I tested it today and it appears to be holding well.

Picture before reassembly.
I would be very surprised if that will hold long term. Did you grind the paint off and get a good clean surface. I would have tig welded it and never worried about it again.
 
I did grind around quite a bit, but ol the access was very poor. You could barely get in position to see the crack. I can't imagine welding without engine removal. There's just no room.

There's ready very minimal water pressure, I've had very good luck with these products in the past. Time will tell. It's a 17 year old engine. If the repair does not hold I might try again, and if it does not hold then, it might be time for a rebuild anyway. We'll see.
 
I know I always flush my engines using a special pig tail hookup between the flush fitting and the hose, I use car wash soap with the liquid wax in it and it works quite well also leaves a film to coat the water jacket walls to help reduce any corrosion and build up in it.
I also let it idle for 20 to 30 seconds with the water off but NEVER rev it up as it is bad for the valves and timing chains. The m r 1 engines seem to have more of an issue with buildup in the cooling jackets than the 1800 engines .
 
The exhaust of the MR-1 is very sophisticated, and has more room for challenges in my opinion.

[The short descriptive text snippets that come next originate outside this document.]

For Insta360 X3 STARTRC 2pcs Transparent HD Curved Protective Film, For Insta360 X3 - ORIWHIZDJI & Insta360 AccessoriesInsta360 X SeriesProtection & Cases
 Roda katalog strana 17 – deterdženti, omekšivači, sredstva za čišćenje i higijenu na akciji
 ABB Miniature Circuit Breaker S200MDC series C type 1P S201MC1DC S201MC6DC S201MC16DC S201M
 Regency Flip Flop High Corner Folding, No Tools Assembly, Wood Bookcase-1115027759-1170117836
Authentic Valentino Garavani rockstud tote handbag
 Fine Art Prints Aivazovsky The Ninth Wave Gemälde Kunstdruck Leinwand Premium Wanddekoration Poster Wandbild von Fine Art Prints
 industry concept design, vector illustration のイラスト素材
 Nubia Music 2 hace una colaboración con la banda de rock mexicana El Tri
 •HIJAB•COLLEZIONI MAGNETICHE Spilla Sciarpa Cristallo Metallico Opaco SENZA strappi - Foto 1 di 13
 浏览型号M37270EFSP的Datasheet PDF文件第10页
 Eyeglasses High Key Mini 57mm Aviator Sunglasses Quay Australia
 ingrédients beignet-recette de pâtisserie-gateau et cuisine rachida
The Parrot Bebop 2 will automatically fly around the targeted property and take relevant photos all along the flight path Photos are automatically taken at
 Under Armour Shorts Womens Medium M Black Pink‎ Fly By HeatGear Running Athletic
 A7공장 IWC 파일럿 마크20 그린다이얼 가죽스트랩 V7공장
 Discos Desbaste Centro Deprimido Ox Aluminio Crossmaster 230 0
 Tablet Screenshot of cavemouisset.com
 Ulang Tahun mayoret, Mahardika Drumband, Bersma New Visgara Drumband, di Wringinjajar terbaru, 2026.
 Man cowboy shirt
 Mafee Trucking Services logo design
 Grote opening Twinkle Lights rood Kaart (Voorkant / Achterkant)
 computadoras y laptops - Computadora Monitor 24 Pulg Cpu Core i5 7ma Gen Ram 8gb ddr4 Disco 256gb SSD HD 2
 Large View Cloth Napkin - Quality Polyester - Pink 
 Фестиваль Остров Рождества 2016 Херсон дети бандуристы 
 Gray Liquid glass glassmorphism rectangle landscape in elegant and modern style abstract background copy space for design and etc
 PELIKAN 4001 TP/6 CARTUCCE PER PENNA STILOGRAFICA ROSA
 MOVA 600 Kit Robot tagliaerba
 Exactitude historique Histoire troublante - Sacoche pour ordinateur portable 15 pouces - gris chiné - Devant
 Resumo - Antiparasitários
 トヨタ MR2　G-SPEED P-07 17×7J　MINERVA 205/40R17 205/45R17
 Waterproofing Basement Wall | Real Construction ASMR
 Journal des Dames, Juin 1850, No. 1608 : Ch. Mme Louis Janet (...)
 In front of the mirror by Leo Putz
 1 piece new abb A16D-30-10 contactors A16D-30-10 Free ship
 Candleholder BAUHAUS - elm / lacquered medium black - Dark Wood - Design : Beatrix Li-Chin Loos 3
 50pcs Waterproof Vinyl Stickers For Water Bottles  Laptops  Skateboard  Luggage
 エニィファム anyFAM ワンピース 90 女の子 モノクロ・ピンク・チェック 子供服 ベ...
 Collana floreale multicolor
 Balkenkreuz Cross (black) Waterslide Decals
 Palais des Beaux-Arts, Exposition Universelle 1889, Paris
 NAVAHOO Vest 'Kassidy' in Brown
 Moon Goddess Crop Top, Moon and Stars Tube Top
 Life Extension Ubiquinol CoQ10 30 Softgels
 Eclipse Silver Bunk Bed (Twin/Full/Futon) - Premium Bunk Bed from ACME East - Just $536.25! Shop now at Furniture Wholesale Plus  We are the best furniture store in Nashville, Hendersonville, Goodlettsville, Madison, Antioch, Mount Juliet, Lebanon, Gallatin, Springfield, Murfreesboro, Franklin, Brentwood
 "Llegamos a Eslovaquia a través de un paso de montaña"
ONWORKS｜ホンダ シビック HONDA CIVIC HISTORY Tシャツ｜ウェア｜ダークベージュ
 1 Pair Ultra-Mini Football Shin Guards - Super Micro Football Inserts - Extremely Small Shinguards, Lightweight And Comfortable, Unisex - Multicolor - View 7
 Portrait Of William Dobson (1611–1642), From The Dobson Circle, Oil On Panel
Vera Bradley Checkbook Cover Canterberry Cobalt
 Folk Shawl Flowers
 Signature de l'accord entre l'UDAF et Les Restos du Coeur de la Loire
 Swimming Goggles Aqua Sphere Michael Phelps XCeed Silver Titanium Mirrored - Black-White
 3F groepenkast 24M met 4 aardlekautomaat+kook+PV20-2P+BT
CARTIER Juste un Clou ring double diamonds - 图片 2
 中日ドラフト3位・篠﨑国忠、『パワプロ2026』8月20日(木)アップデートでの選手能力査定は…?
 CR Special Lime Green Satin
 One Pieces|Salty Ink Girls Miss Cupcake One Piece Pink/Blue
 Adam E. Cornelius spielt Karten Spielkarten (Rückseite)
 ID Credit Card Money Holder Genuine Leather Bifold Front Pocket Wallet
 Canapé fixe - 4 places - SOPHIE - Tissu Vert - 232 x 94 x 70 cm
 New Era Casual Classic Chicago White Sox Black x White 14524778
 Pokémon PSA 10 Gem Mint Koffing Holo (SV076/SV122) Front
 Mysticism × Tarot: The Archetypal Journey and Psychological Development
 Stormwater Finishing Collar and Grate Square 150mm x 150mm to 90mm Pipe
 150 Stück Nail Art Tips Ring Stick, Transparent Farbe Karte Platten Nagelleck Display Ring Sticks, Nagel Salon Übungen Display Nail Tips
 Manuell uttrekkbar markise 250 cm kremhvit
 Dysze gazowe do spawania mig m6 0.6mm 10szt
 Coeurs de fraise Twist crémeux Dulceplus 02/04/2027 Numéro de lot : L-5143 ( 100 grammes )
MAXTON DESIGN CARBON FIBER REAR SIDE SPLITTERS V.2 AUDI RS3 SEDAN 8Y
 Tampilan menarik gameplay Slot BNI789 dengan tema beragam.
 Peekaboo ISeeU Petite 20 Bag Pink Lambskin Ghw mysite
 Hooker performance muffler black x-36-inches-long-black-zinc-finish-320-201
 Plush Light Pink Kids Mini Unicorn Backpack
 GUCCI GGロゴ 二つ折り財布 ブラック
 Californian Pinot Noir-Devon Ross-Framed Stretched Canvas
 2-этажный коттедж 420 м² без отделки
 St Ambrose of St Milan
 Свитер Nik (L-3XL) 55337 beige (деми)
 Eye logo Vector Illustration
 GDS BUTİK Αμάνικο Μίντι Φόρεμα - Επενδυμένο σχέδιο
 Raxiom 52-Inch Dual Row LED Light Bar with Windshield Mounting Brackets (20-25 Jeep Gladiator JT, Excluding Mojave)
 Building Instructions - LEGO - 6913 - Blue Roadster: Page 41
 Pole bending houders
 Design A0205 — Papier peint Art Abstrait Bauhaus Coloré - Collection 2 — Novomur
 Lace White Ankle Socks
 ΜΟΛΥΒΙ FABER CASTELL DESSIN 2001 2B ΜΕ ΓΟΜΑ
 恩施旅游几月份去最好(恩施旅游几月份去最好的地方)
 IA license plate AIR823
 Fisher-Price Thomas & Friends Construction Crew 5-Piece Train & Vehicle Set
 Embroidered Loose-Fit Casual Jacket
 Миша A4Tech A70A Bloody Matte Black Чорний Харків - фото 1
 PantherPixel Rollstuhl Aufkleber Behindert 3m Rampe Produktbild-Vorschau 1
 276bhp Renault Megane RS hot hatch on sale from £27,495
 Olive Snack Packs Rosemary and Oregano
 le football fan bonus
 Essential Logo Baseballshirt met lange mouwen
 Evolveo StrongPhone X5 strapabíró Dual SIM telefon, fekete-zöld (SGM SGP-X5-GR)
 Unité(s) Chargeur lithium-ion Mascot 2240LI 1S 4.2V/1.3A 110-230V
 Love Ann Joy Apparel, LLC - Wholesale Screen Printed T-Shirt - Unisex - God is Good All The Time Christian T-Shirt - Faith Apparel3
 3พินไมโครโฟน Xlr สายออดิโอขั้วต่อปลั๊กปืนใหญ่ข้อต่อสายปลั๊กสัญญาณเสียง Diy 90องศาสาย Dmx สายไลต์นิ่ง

Yesterday to test a theory, I used another hose to send water to the outlet holes while rinsing. First the engine cooling exit above the jet drive, which resulted in highly improved engine pisser power, then I did the same with the exhaust outlet located on the transom plate, and sure enough, the exhaust pisser came alive with plenty of water

I read from this that without more water engines are not getting fresh water everywhere during rinse


If you look for all the water in oil MR-1 issues, most are caused by corrosion on the header allowing the water jacket to pour water into the exhaust. It's a rare problem, but it's happening to some boats for sure

I'll be trying a few things this winter to see how i can improve this for my boat. I have 2 different directions... One is to decrease the exit sizes while rinsing... Maybe 2 plus with a smaller hole.... The other is to add a water inlet on the exhaust side to increase the water volume there. The idea is to increase pressure allow freshwater to reach all passages
 
On the yamaha jet boaters someone did the engine block jb weld fix and reported a year later that it was holding fine and put a decent amount of hours on it. My theory of the MR1 exhaust breach and what happens. It happened to my 2005 boat and I try to catch any water in the oil posts and give them the info of this possible cause. In my case I felt some cavitation but the boat got up and ran at speed. Pissers flowing fine was about an hour away from my ramp engine light came on felt the pisser water was cool no noticeable difference. Thought it may be a bad sensor since this had happened to a few members. We had a few areas that had slow no wake speeds and the slight cavitation was there. Pulled the clean outs checked for sea grass very common occurrence in my area. A few pieces removed kept going after pulling the boat out and inspecting the jet pump i found a small piece of wooden branch wedged in the pump. What must have happened the wood caused cavatation airating the water and the cooling efficiency was impaired in the area needed the most the water jacket at the exhaust manifold. The aluminum melted away and breached in the manifold.